What’s On At the Tropic
By Phil Mann
The MILKman cometh! Starring Sean Penn, MILK is the story of former San Francisco City Supervisor and long-time gay rights activist Harvey Milk. Everyone knows the outlines of the story by now, how Milk ran for Supervisor three-times, eventually became (in 1977) the first openly gay man elected to significant public office, and then was assassinated within the year.
Like all biopics it has both the strength of a famous underlying story and the problem that the outcome is known and foregone. Faced with this challenge, Penn and director Gus Van Sant (Drugstore Cowboy, To Die For, Good Will Hunting) have hit a home run. Vant Sant tested his skills with a biographical story in Last Days, a thinly disguised story of Kurt Cobain. But that was a slow, off-kilter kind of tone poem in keeping with its subject. In MILK, where the hero is solid, grounded and straightforward (though not straight), Van Sant has shifted appropriately. Nominated for eight Academy Awards, including Best Picture, Best Director, and Best Screenplay, and Best Actor, this is a blockbuster movie.
It’s Penn’s fifth Best Actor nomination. His last major role was also as a politician, Willie Stark, the Huey Long-like hero in the remake of All the King’s Men. He didn’t quite pull off that earlier role, because we couldn’t help comparing him to Broderick Crawford in original. Crawford was Huey Long, so much so that it’s difficult to think of him as a historical figure apart from that actor.
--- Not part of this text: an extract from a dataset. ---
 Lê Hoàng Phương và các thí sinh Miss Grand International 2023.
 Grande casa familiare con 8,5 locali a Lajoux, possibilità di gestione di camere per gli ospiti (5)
But now in MILK Penn has put his stamp on a character so completely it’s difficult to think of anyone else playing the Harvey Milk role.
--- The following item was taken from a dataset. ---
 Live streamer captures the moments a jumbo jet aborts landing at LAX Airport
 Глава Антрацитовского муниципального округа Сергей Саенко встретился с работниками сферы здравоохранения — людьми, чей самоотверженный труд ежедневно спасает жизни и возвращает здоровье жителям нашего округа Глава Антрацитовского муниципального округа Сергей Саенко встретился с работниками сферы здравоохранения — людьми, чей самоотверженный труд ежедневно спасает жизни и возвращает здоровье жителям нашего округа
MILK is history, but it’s also a tense and exciting story with great characters. Josh Brolin, playing the assassin Dan White, is up for an Oscar as Supporting Actor. Diego Luna (Michael Jackson in Mr. Lonely) suffers here as Harvey Milk’s boy-toy lover, and Emile Hirsch (who was the lost soul in Into the Wild) finds his place as a community organizer. The whole cast is fabulous. It’s one of this season’s don’t miss movies.
As usual, the Tropic rounds out its program with some alternative entertainment. This week it’s topped by the Australian Film Showcase, a collection of three prize-winning new Aussie films.
-- Showing on Friday through Sunday is THE HOME SONG STORIES starring the well-known Asian actress Joan Chen (Twin Peaks; Judge Dredd; Lust, Caution). Chen plays a singer who emigrates from Shanghai to Melbourne to marry an Australian sailor only to have the relationship unravel. The story is told through the eyes of her ten-year old son. Winner of eight Australian Oscars.
-- On Monday and Tuesday it’ll be KENNY, a huge popular hit down under about a big, cleverly quipping, deliverer of porti-potties. (Think John Goodman.)
-- The series ends on Wednesday and Thursday with UNFINISHED SKY, a drama set on an outback farm. The lonely and isolated farmer is stunned when a bruised and bloodied Afghani woman staggers onto his property. As he helps her, the story emerges. A touching love story, nominated for the Australian Oscar.
If you’re a film festival lover, make it your week to see all three.
You might also squeeze in time to see the Orson Welles' 1946 film THE STRANGER in the classic series on Monday at 8:00. And this is the week for the monthly TUESDAYS WITH ART series, showing two movies about the life of Dutch artist Theo Jansen, with follow-up discussion. That’s Tuesday at 5:30. Add the opera with the Salzburg Festival presentation of Otello on Wednesday at 7:00 and you might as well take up residence at the Tropic.
Catch a second viewing of SLUMDOG MILLIONAIRE while you’re twiddling your thumbs. Last chance for that hit because THE READER is lined up next week.
Full schedules and info at TropicCinema.com. Comments to pmann99@gmail.com.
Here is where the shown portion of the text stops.